> [WHAT IS NEEDED]: Each line in the records below, from the one that contains "Bourg-Lastic - Photo 18" to the one that contains "OnlyFans cuenta daviidperozo avatar 1", should be reproduced exactly, the first and last included.

[Source data]
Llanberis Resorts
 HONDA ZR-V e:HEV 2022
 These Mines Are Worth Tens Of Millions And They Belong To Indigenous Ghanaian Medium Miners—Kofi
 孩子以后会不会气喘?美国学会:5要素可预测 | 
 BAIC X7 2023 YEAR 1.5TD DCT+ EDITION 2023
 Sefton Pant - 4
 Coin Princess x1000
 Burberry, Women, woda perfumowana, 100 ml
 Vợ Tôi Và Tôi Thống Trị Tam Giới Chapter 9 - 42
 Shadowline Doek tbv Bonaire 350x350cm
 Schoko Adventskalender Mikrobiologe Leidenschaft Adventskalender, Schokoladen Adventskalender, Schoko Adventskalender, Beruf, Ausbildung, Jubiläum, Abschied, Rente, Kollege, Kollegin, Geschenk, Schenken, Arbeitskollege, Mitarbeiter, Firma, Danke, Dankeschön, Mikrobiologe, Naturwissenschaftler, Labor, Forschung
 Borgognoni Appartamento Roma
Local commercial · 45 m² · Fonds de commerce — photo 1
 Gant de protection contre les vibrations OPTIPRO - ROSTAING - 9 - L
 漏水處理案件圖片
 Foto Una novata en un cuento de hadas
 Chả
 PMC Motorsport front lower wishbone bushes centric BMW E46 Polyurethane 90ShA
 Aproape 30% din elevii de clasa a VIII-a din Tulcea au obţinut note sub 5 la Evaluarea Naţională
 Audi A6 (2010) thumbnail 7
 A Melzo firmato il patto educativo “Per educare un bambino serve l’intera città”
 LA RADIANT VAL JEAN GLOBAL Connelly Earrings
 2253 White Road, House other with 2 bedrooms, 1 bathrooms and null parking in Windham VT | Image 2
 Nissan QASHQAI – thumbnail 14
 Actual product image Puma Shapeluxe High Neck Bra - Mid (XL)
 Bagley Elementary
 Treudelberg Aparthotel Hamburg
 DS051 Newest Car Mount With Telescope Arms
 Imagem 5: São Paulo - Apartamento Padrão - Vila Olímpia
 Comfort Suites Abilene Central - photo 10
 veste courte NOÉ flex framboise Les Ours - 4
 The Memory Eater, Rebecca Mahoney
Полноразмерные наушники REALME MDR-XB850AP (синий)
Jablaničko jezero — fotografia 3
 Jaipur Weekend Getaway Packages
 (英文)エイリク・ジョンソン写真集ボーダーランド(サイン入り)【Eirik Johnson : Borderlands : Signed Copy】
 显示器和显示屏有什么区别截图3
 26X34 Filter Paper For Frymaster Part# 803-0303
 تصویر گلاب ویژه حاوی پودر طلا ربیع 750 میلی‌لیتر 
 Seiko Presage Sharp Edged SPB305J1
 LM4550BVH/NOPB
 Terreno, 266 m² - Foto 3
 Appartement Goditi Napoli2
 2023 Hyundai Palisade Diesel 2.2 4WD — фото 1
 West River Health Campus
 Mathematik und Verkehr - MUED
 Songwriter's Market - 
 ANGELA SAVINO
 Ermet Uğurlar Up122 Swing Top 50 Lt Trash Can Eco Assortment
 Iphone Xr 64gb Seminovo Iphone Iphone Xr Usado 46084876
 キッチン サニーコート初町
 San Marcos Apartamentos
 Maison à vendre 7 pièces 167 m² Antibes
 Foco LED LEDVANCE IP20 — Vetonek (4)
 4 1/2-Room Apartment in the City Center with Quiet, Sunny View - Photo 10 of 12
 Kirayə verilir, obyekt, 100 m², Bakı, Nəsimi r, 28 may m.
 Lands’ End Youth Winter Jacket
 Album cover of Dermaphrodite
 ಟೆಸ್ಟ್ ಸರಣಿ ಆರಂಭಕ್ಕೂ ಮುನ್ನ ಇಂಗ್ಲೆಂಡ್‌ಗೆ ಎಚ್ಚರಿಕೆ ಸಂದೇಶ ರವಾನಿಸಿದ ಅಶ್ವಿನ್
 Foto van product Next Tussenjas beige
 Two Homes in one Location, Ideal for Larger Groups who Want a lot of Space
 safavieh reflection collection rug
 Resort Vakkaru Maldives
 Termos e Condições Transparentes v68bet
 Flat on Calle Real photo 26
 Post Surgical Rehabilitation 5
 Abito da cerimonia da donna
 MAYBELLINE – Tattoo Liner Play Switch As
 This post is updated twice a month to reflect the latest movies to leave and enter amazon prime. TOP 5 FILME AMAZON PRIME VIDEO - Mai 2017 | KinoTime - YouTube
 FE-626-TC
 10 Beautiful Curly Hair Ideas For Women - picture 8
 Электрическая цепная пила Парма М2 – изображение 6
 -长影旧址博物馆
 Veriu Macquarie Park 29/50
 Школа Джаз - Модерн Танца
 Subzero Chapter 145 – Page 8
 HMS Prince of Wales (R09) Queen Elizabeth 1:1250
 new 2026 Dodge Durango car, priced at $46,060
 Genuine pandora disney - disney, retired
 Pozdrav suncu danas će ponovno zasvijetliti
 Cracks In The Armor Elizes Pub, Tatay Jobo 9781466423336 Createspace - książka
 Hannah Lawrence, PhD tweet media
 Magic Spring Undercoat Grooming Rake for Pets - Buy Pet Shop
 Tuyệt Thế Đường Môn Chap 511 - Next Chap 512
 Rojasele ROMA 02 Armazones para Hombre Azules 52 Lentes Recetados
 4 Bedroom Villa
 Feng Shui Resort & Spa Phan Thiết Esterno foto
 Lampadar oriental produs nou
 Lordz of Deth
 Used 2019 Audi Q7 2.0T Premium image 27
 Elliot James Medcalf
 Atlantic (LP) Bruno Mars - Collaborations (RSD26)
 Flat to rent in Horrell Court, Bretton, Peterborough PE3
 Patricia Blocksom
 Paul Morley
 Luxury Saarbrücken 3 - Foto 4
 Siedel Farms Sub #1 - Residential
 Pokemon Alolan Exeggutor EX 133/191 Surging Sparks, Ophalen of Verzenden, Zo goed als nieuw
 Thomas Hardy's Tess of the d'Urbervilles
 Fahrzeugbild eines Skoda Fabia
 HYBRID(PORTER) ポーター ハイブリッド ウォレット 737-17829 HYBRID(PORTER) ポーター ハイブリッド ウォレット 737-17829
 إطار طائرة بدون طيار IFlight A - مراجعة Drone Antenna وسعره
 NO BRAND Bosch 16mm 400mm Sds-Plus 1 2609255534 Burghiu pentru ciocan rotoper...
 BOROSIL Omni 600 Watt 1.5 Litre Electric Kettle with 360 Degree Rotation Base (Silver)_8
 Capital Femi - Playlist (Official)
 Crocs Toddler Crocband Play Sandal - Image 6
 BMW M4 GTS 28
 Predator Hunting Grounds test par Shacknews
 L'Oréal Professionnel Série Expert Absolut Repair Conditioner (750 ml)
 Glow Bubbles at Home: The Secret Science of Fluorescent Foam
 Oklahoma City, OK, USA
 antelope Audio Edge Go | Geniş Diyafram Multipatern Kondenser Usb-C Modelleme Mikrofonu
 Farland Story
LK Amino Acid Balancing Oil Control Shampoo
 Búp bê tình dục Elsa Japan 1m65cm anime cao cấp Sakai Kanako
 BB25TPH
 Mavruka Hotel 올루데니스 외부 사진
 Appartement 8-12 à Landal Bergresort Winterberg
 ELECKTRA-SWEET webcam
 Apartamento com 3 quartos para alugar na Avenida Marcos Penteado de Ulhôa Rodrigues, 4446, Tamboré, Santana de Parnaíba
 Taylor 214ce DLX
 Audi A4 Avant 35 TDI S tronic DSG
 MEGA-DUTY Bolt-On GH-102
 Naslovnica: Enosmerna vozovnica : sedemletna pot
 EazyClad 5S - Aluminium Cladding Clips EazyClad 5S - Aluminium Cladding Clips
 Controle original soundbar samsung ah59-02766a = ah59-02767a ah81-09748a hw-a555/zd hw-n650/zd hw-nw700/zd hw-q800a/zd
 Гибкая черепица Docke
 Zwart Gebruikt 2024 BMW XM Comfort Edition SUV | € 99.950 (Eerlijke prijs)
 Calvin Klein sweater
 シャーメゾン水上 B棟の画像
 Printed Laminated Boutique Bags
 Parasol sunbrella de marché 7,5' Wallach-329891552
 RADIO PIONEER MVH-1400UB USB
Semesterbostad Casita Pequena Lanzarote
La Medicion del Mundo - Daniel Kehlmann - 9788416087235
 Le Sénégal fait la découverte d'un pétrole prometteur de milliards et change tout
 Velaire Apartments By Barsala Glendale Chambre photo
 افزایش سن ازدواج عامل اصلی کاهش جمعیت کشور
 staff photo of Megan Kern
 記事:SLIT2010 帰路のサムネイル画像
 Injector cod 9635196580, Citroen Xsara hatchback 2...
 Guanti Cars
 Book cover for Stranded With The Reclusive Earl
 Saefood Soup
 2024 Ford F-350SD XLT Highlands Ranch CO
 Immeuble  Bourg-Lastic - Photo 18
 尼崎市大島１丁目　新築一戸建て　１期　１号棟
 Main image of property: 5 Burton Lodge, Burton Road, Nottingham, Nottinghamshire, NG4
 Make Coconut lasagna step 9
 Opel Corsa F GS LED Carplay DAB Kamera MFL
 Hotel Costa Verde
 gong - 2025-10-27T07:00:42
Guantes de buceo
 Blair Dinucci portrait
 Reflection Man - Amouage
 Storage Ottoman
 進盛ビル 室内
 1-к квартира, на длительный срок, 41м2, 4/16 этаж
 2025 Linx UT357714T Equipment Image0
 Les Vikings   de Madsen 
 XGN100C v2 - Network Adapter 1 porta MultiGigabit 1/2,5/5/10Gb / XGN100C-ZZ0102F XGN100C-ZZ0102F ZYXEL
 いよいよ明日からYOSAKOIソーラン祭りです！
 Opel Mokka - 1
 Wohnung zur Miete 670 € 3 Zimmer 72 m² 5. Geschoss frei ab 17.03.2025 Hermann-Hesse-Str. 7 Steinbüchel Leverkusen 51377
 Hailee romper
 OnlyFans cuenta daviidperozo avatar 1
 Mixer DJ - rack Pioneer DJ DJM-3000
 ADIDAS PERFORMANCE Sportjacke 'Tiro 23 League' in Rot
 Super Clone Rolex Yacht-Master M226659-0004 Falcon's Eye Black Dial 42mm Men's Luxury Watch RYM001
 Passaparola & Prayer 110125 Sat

> [EXERCISE RESULT]:
 Immeuble  Bourg-Lastic - Photo 18
 尼崎市大島１丁目　新築一戸建て　１期　１号棟
 Main image of property: 5 Burton Lodge, Burton Road, Nottingham, Nottinghamshire, NG4
 Make Coconut lasagna step 9
 Opel Corsa F GS LED Carplay DAB Kamera MFL
 Hotel Costa Verde
 gong - 2025-10-27T07:00:42
Guantes de buceo
 Blair Dinucci portrait
 Reflection Man - Amouage
 Storage Ottoman
 進盛ビル 室内
 1-к квартира, на длительный срок, 41м2, 4/16 этаж
 2025 Linx UT357714T Equipment Image0
 Les Vikings   de Madsen 
 XGN100C v2 - Network Adapter 1 porta MultiGigabit 1/2,5/5/10Gb / XGN100C-ZZ0102F XGN100C-ZZ0102F ZYXEL
 いよいよ明日からYOSAKOIソーラン祭りです！
 Opel Mokka - 1
 Wohnung zur Miete 670 € 3 Zimmer 72 m² 5. Geschoss frei ab 17.03.2025 Hermann-Hesse-Str. 7 Steinbüchel Leverkusen 51377
 Hailee romper
 OnlyFans cuenta daviidperozo avatar 1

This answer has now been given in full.